WORK TO COMPLETE » Output the full listing below exactly, without the pictures.
-- DATA EXCERPT follows --
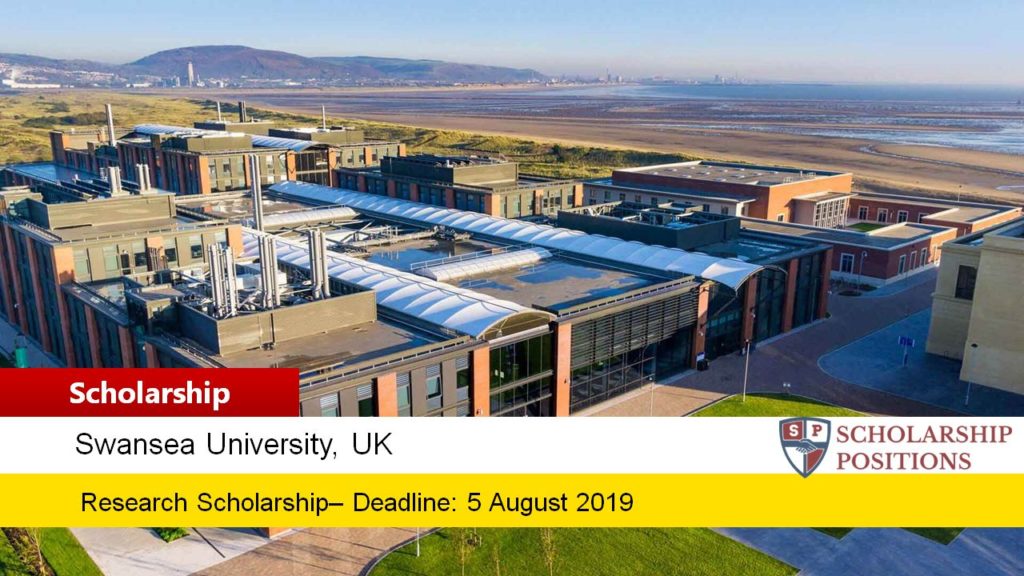 Welsh Government’s Fully Funded KESS II MRES Scholarship for the UK and EU Students, 2019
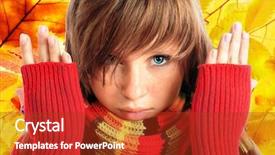  Presentation with teen - Beautiful PPT theme featuring free themes - portrait of a styled teen backdrop and a crimson colored foreground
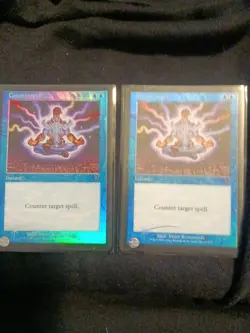 Counterspell 7th Edition Foil MTG - Image 1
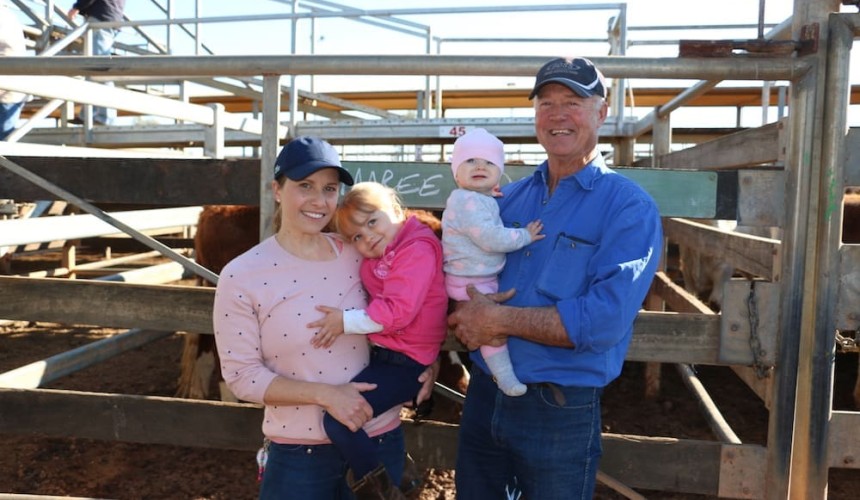 Roma store 21 Aug 2018:  Rain forecast lifts restocker enthusiasm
-- DATA EXCERPT concluded --
ANSWER TO THE EXERCISE »
 Welsh Government’s Fully Funded KESS II MRES Scholarship for the UK and EU Students, 2019
  Presentation with teen - Beautiful PPT theme featuring free themes - portrait of a styled teen backdrop and a crimson colored foreground
 Counterspell 7th Edition Foil MTG - Image 1
 Roma store 21 Aug 2018:  Rain forecast lifts restocker enthusiasm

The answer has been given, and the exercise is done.